(TASK OBJECTIVE):
Take the listing from its first line through the line that contains "女童装秋冬款外套2025新款中大童夹棉加绒派克服儿童洋气上衣" and please retype those lines exactly, leaving out the pictures.

(RECORDS PROVIDED):
╔══

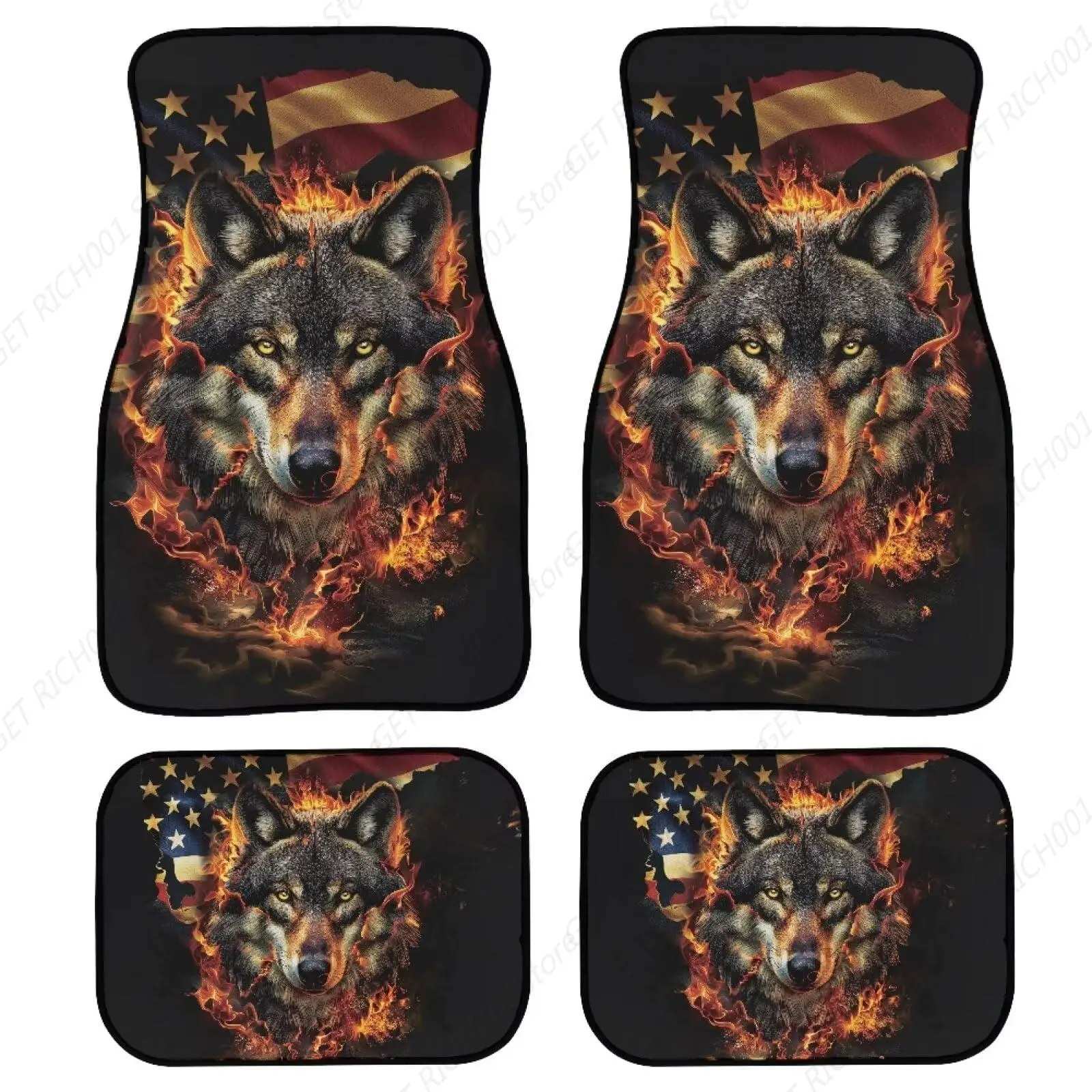 Cool Wolf Trend Car Floor Mats Full Set Rubber Floor Mats For Cars, All Weather Interior Protection For Front And Rear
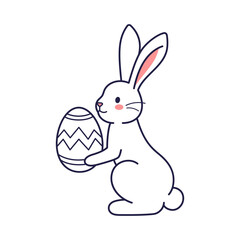 Easter character bunny, rabbit, hare holds painted egg. Vector flat design, outline illustration. Easter character icon, mascot, sticker. Easter character coloring page.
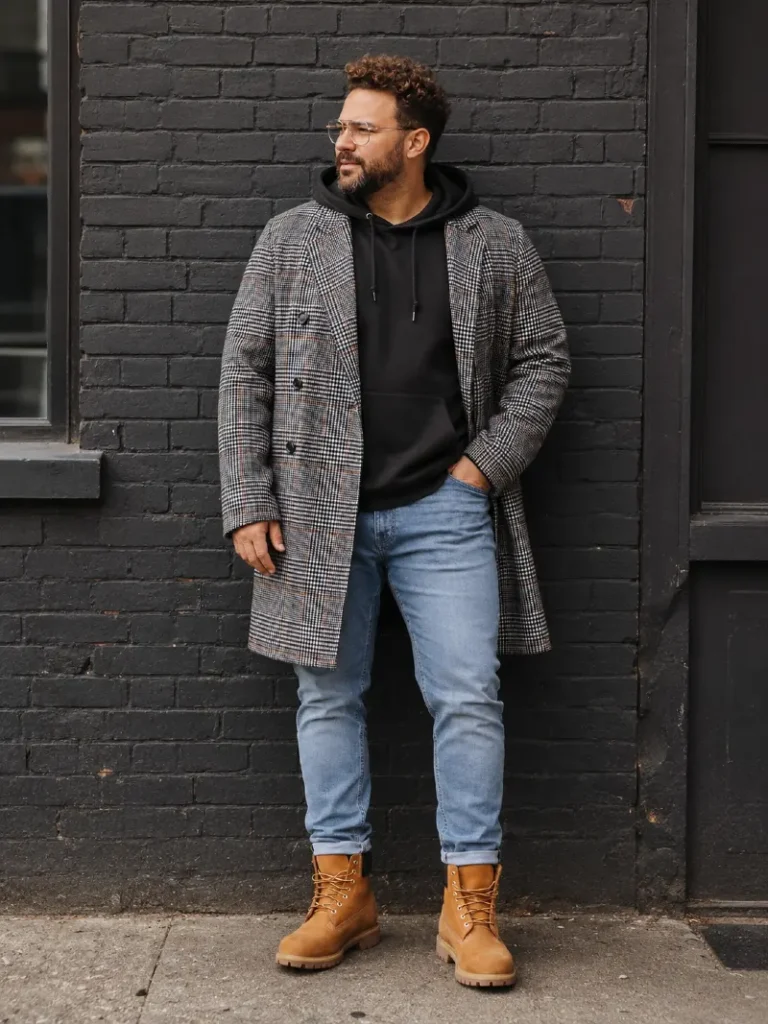10. Black Hoodie With a Plaid Overcoat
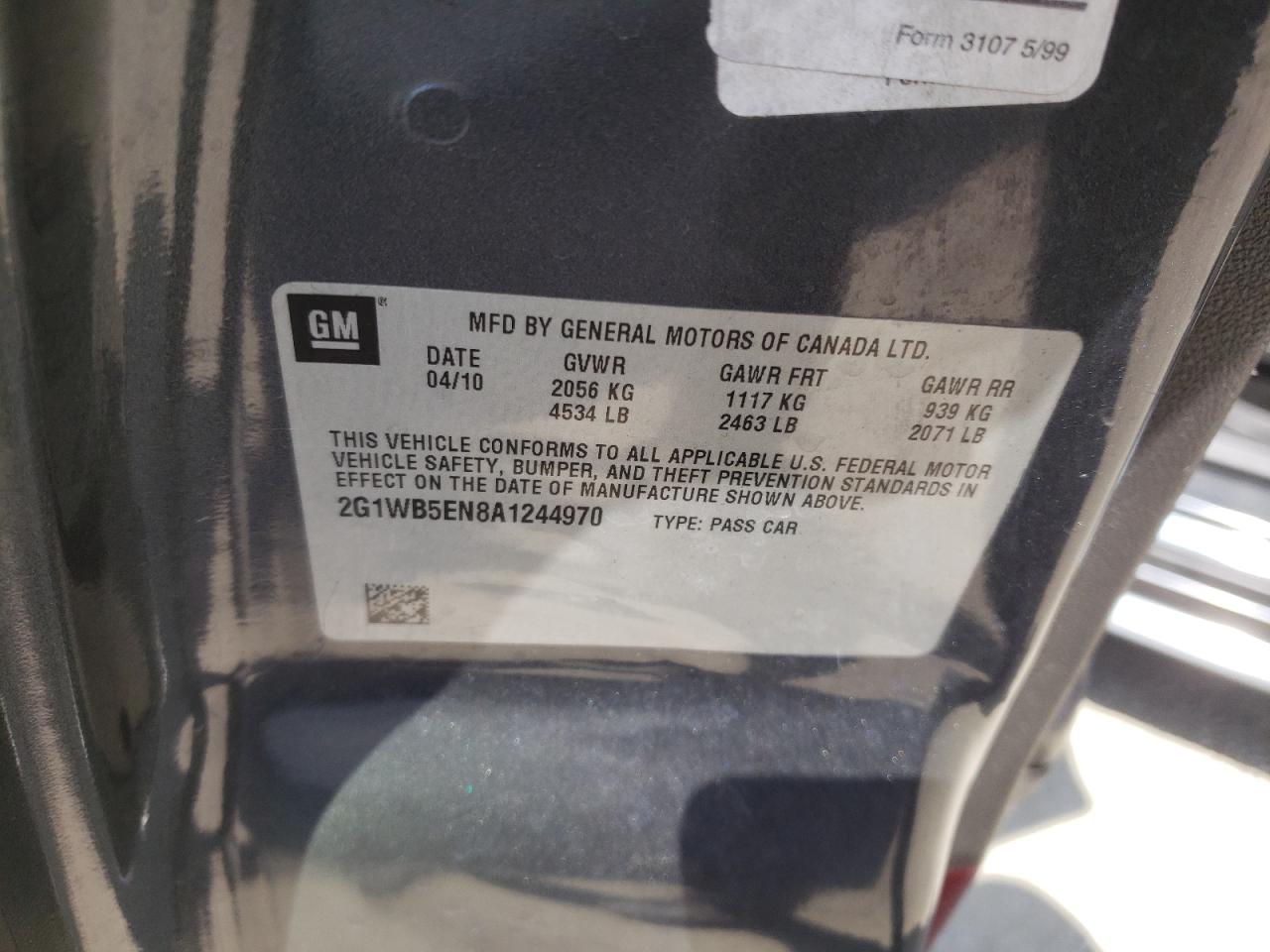 2010 Chevrolet Impala Lt VIN: 2G1WB5EN8A1244970 Lot: 55700604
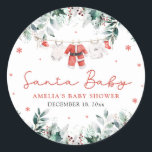 Red Santa Baby Christmas Baby Kleidung Baby Dusche Runder Aufkleber<br><div class="desc">Die Red Santa Baby Baby Baby Baby Kleidung Baby Shower Classic Round Sticker fügt eine festliche Touch zu Ihrem Urlaub Thema Babydusche Favoriten und Dekoration! Mit seinem charmanten Design und der bezaubernden, roten Kleidung des Weihnachtsmannes auf der Weihnachtsdecke, fängt dieser Aufkleber den fröhlichen Geist der Saison ein. Es ist die...</div>
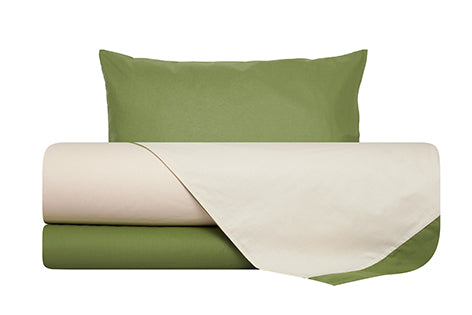 Completo letto lenzuola bicolor in 100% cotone made in Italy NATURALE/SALVIA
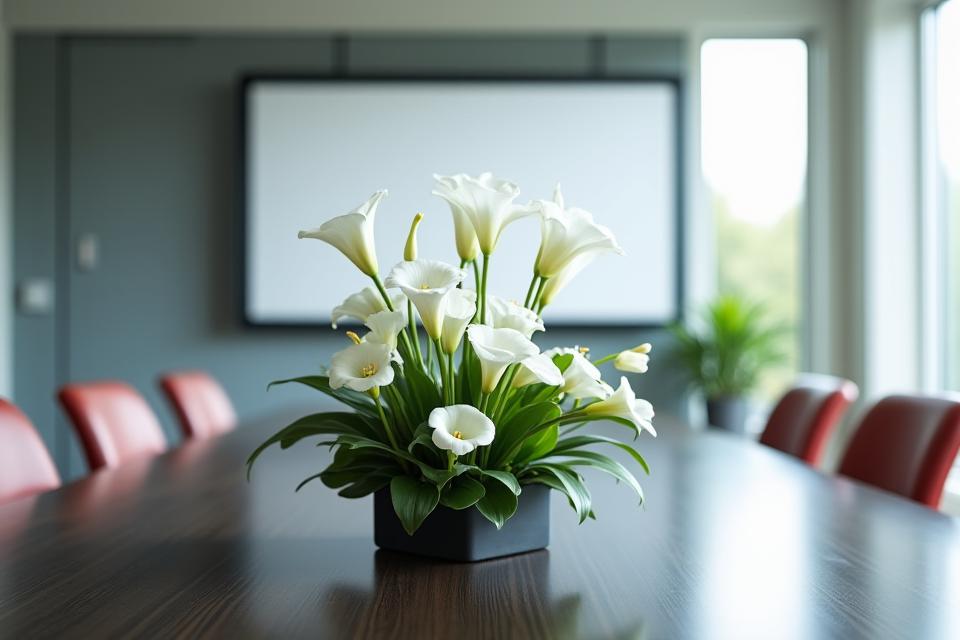 Centre de table floral minimaliste dans une salle de réunion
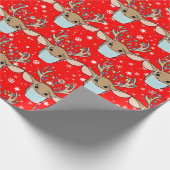 Cute Funny Kerstrennier Wearing Face Mask Cadeaupapier (Hoek)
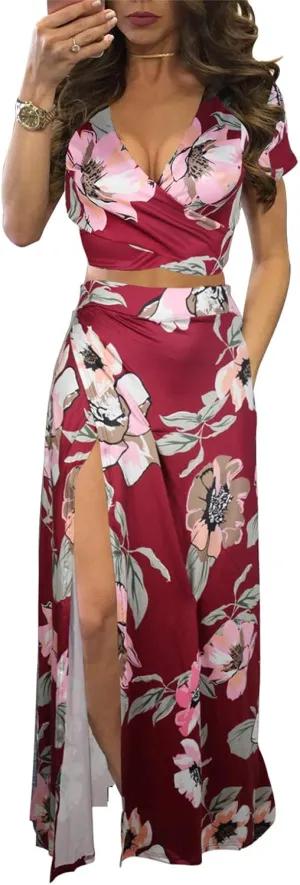 Aro Lora Women's Sexy V Neck Floral Printed Side Slit Two-Piece Maxi Dress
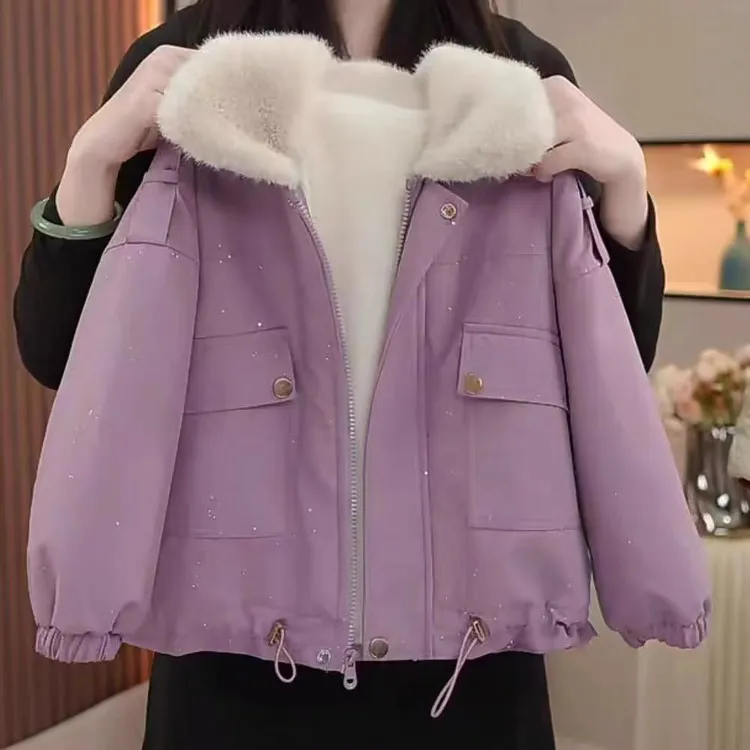 女童装秋冬款外套2025新款中大童夹棉加绒派克服儿童洋气上衣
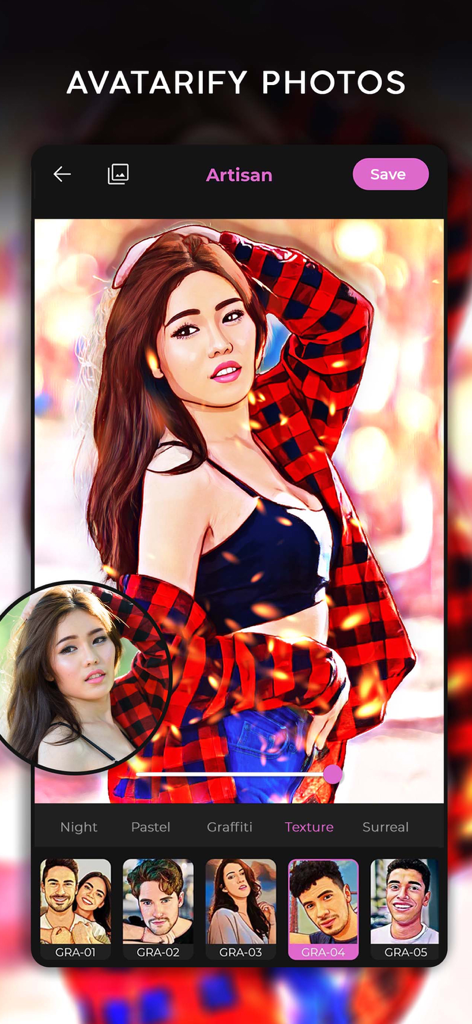 Interfaz de usuario de la aplicación Artisan que muestra el retrato de una mujer transformándose en un estilo de arte de dibujo animado digital con filtros artísticos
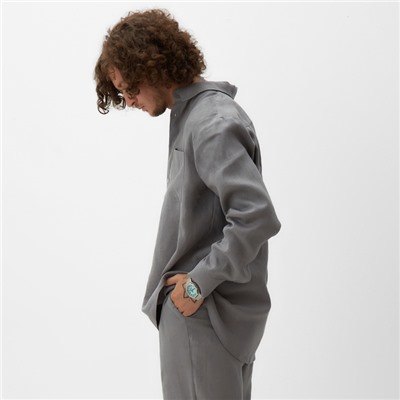 Рубашка мужская с длинным рукавом MIST, размер 48, серая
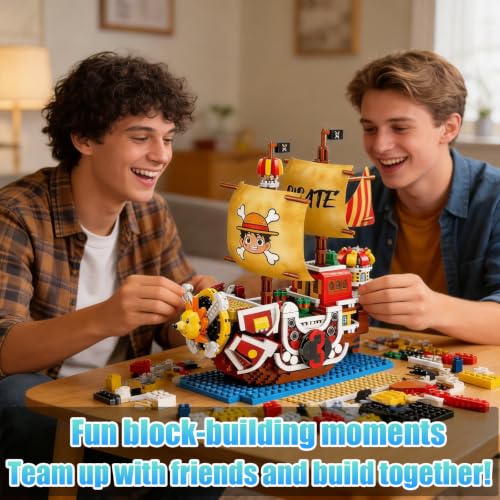 Image of Sunny Thousand Pirate Ship Micro Building Blocks, 1 Piece Creative Pirate Boat Featuring 2 Cute Figures, Challenging Building Blocks for Adult Teen 14+(2000PCS)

╚══

(WRITTEN SOLUTION):
 Cool Wolf Trend Car Floor Mats Full Set Rubber Floor Mats For Cars, All Weather Interior Protection For Front And Rear
 Easter character bunny, rabbit, hare holds painted egg. Vector flat design, outline illustration. Easter character icon, mascot, sticker. Easter character coloring page.
10. Black Hoodie With a Plaid Overcoat
 2010 Chevrolet Impala Lt VIN: 2G1WB5EN8A1244970 Lot: 55700604
 Red Santa Baby Christmas Baby Kleidung Baby Dusche Runder Aufkleber<br><div class="desc">Die Red Santa Baby Baby Baby Baby Kleidung Baby Shower Classic Round Sticker fügt eine festliche Touch zu Ihrem Urlaub Thema Babydusche Favoriten und Dekoration! Mit seinem charmanten Design und der bezaubernden, roten Kleidung des Weihnachtsmannes auf der Weihnachtsdecke, fängt dieser Aufkleber den fröhlichen Geist der Saison ein. Es ist die...</div>
 Completo letto lenzuola bicolor in 100% cotone made in Italy NATURALE/SALVIA
 Centre de table floral minimaliste dans une salle de réunion
 Cute Funny Kerstrennier Wearing Face Mask Cadeaupapier (Hoek)
 Aro Lora Women's Sexy V Neck Floral Printed Side Slit Two-Piece Maxi Dress
 女童装秋冬款外套2025新款中大童夹棉加绒派克服儿童洋气上衣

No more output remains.